Age and Hometown: 23. Coral Springs, Florida.
Current role: Making his Broadway dubut as the lovelorn Boq in Broadway’s Wicked.
Movie Buff Fom Birth: Unlike many young Broadway stars, Etai (pronounced e-TYE) BenShlomo's acting ambitions didn’t begin on the stage. “My parents introduced me to great movies at a young age, even if they weren’t kid-appropriate!” he says. “I saw things like The Godfather and A Clockwork Orange, and I’ve been a film fanatic ever since.” It wasn’t until the eighth grade that some friends dragged BenShlomo to a theater audition. “My middle school was doing a musical,” he recalls, “but I was going to be like Brando or Pacino—they don’t sing, so musicals were beneath me.” In the end, perhaps it was the show's movie origin that appealed. “We did The Wizard of Oz,” he says, “and I played the Tin Man. I decided musicals were OK.”
To the Stagedoor Manor Born: Musicals turned out to be more than OK: BenShlomo spent his high school summers at the famous theater camp Stagedoor Manor before entering the University of Michigan's musical theater program and another kind of camp entirely. “After my freshman year, I was hired at the St. Louis MUNY, an outdoor theater,” he says. “We called it Camp MUNY because it felt like Stagedoor, only I was getting paid and I didn’t have a curfew!” That summer the theater was doing Oliver! and—what else?—The Wizard of Oz, “so I thought short people would be in demand,” he jokes. In later seasons, he even got a chance to channel Brando. “When you’re doing Les Miz in 92 degree heat and you’re supposed to be freezing on the streets of Paris, that takes some serious method work.”

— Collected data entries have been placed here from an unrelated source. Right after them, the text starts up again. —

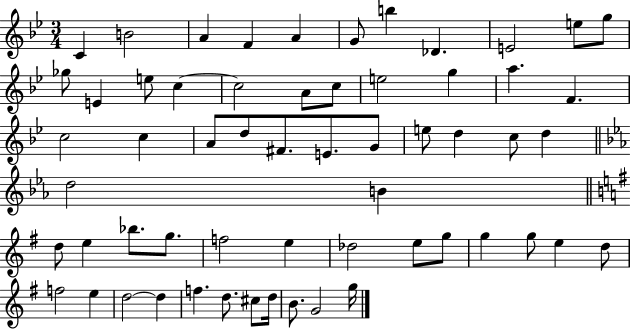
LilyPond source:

{
  \clef treble
  \numericTimeSignature
  \time 3/4
  \key bes \major
  c'4 b'2 | a'4 f'4 a'4 | g'8 b''4 des'4. | e'2 e''8 g''8 | \break ges''8 e'4 e''8 c''4~~ | c''2 a'8 c''8 | e''2 g''4 | a''4. f'4. | \break c''2 c''4 | a'8 d''8 fis'8. e'8. g'8 | e''8 d''4 c''8 d''4 | \bar "||" \break \key c \minor d''2 b'4 | \bar "||" \break \key g \major d''8 e''4 bes''8. g''8. | f''2 e''4 | des''2 e''8 g''8 | g''4 g''8 e''4 d''8 | \break f''2 e''4 | d''2~~ d''4 | f''4. d''8. cis''8 d''16 | b'8. g'2 g''16 | \break \bar "|."
}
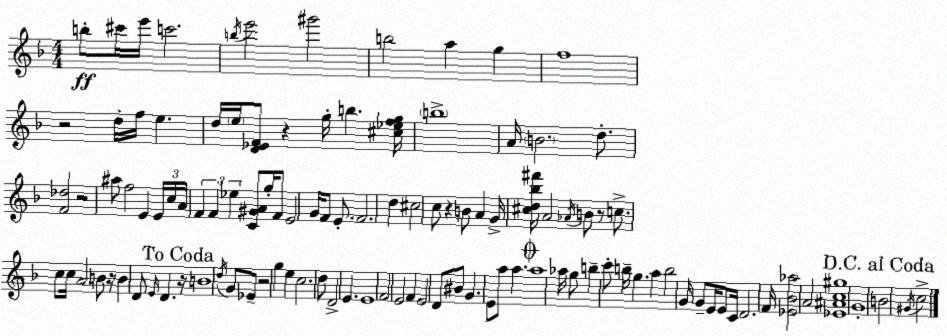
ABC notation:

X:1
T:Untitled
M:4/4
L:1/4
K:Dm
b/2 ^c'/4 e'/4 c'2 b/4 e'2 ^g'2 b2 a g f4 z2 d/4 f/4 e d/4 e/4 [D_EF]/2 z g/4 b [^c_efg]/4 b4 A/4 B2 d/2 [F_d]2 z2 ^a/2 f2 E E/4 c/4 A/4 F F _e [C^GA]/2 g/4 F/2 E2 G/4 F/2 E/2 F2 d ^c2 c/2 z B/2 A G/4 [^cd_b^f']/4 A2 _A/4 B/2 z/2 c/2 c/2 c/4 A2 B/2 z/4 B D/2 E/4 D z/4 B4 d/4 G/2 _E/2 z2 g e c2 d/2 D2 E E4 F2 E2 F E2 D/2 ^B/2 G E/2 a/2 a a4 _a/4 g/2 b c'/2 b/4 g a b2 G/4 G/2 E/4 E/2 C/4 D2 F/4 [_E_B_a]2 A2 [_E^Ac^g]4 G4 B2 ^G/4 c2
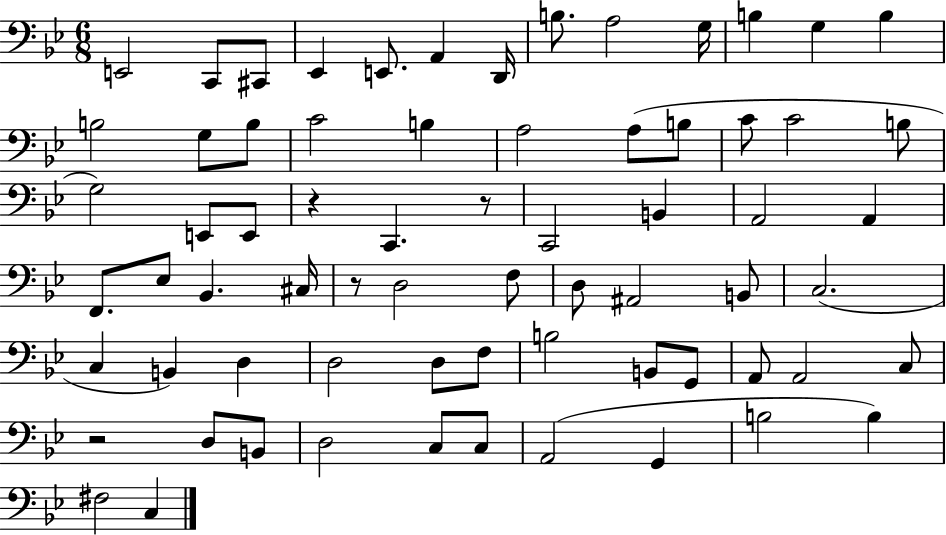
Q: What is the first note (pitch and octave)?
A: E2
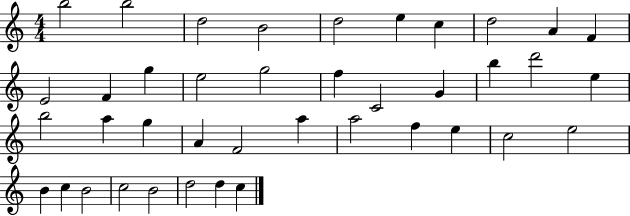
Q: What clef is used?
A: treble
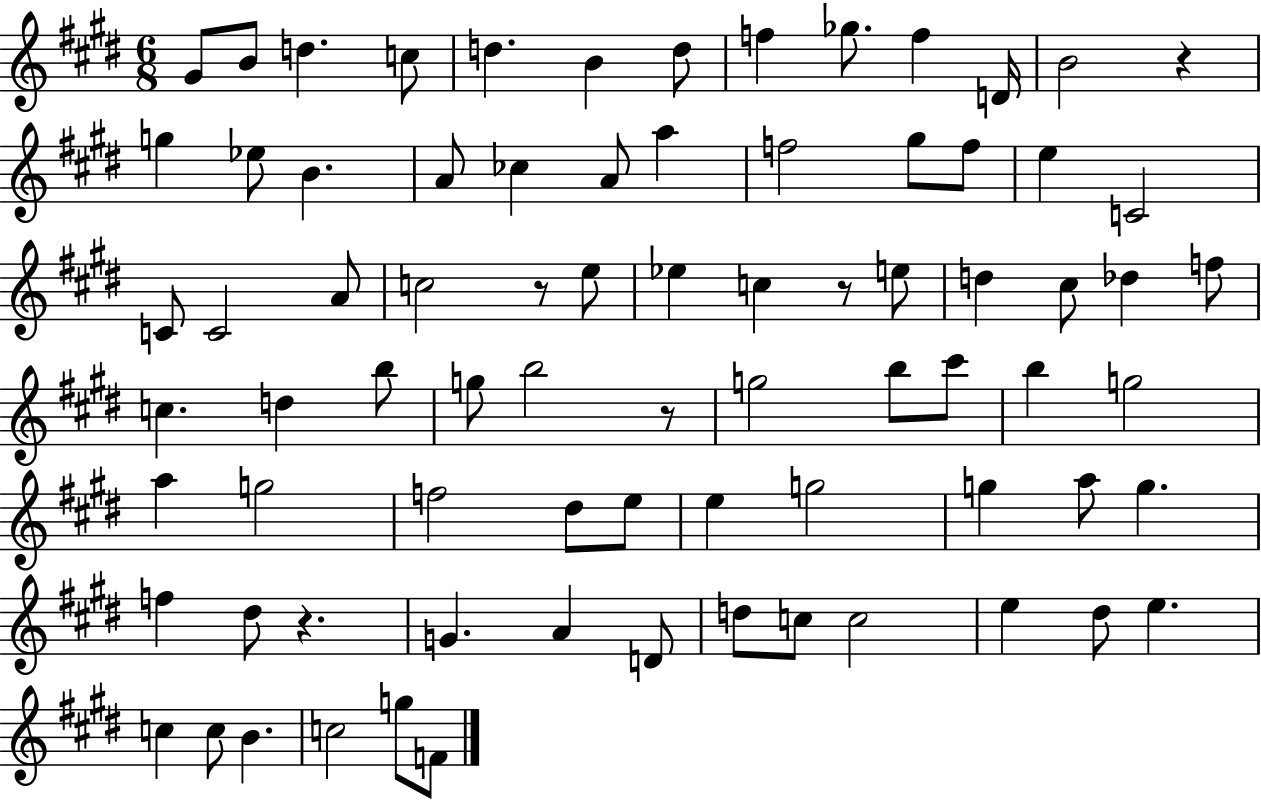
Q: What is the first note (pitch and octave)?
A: G#4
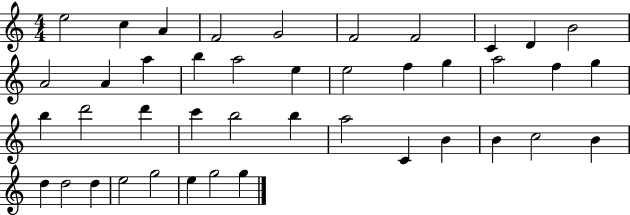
X:1
T:Untitled
M:4/4
L:1/4
K:C
e2 c A F2 G2 F2 F2 C D B2 A2 A a b a2 e e2 f g a2 f g b d'2 d' c' b2 b a2 C B B c2 B d d2 d e2 g2 e g2 g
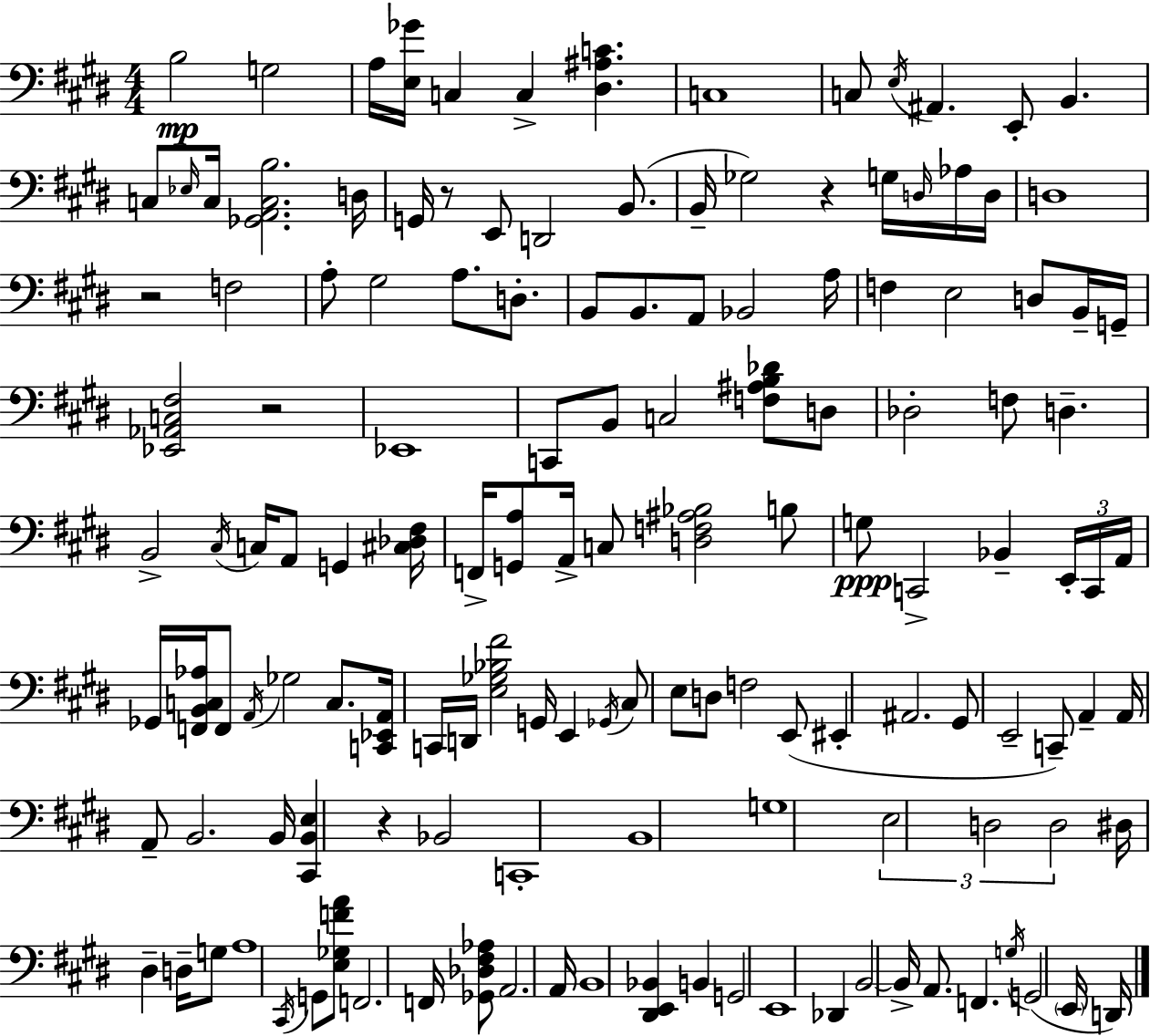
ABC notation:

X:1
T:Untitled
M:4/4
L:1/4
K:E
B,2 G,2 A,/4 [E,_G]/4 C, C, [^D,^A,C] C,4 C,/2 E,/4 ^A,, E,,/2 B,, C,/2 _E,/4 C,/4 [_G,,A,,C,B,]2 D,/4 G,,/4 z/2 E,,/2 D,,2 B,,/2 B,,/4 _G,2 z G,/4 D,/4 _A,/4 D,/4 D,4 z2 F,2 A,/2 ^G,2 A,/2 D,/2 B,,/2 B,,/2 A,,/2 _B,,2 A,/4 F, E,2 D,/2 B,,/4 G,,/4 [_E,,_A,,C,^F,]2 z2 _E,,4 C,,/2 B,,/2 C,2 [F,^A,B,_D]/2 D,/2 _D,2 F,/2 D, B,,2 ^C,/4 C,/4 A,,/2 G,, [^C,_D,^F,]/4 F,,/4 [G,,A,]/2 A,,/4 C,/2 [D,F,^A,_B,]2 B,/2 G,/2 C,,2 _B,, E,,/4 C,,/4 A,,/4 _G,,/4 [F,,B,,C,_A,]/4 F,,/2 A,,/4 _G,2 C,/2 [C,,_E,,A,,]/4 C,,/4 D,,/4 [E,_G,_B,^F]2 G,,/4 E,, _G,,/4 ^C,/2 E,/2 D,/2 F,2 E,,/2 ^E,, ^A,,2 ^G,,/2 E,,2 C,,/2 A,, A,,/4 A,,/2 B,,2 B,,/4 [^C,,B,,E,] z _B,,2 C,,4 B,,4 G,4 E,2 D,2 D,2 ^D,/4 ^D, D,/4 G,/2 A,4 ^C,,/4 G,,/2 [E,_G,FA]/2 F,,2 F,,/4 [_G,,_D,^F,_A,]/2 A,,2 A,,/4 B,,4 [^D,,E,,_B,,] B,, G,,2 E,,4 _D,, B,,2 B,,/4 A,,/2 F,, G,/4 G,,2 E,,/4 D,,/4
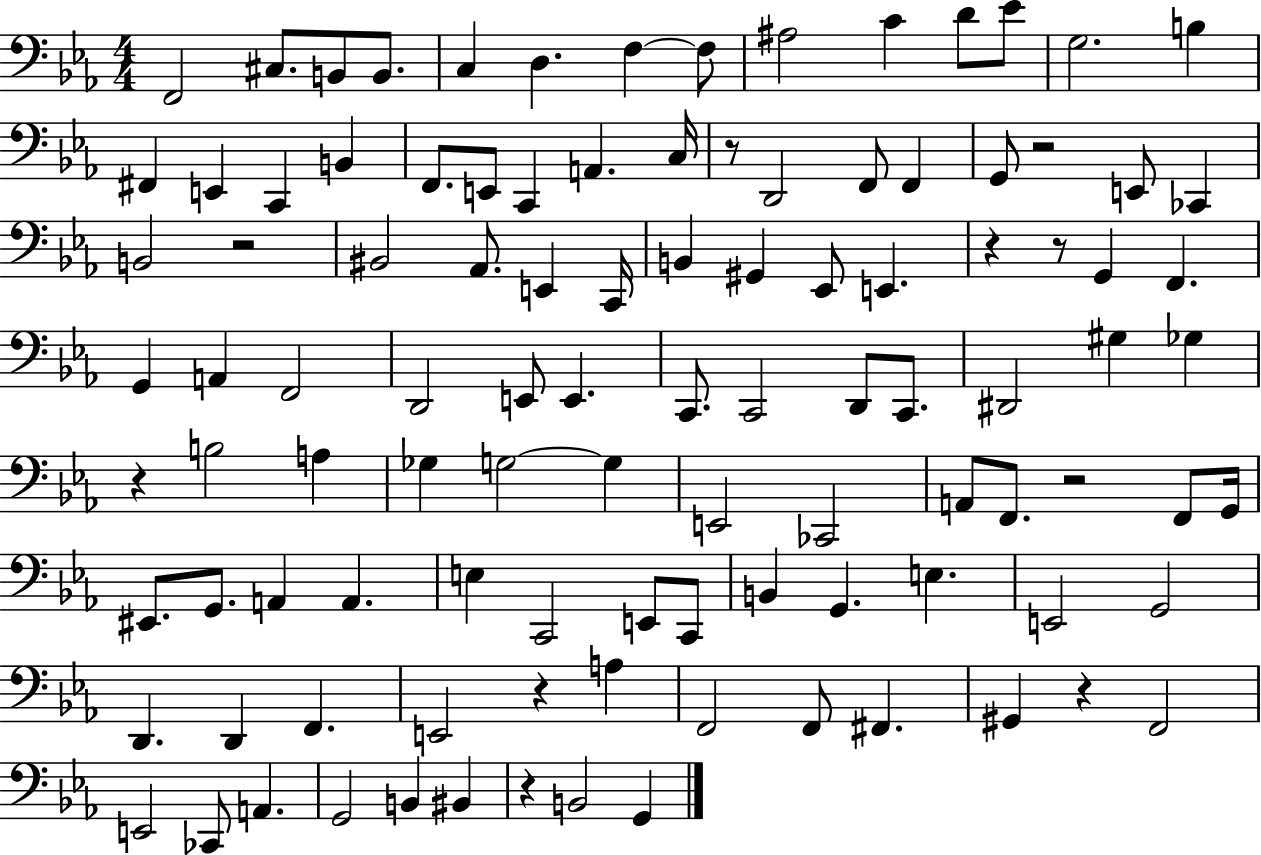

Following the Yellow Brick Road: Wizard of Oz experience aside, Wicked always seemed a natural fit for BenShlomo. “People have often said Boq would be a good role for me, mostly because I’m 5 foot 6,” he says with a laugh, “but also because he pines for this girl, maybe a little too hard, and that’s not exactly foreign territory for me.” Post-Wicked, BenShlomo would love to explore a different kind of foreign territory, having fallen in love with Chekhov while studying abroad at the Moscow Art Theatre in college. “Every young actor’s dream is to play Constantine in The Seagull,” he confesses. And, of course, he says, “There’s always the movies!”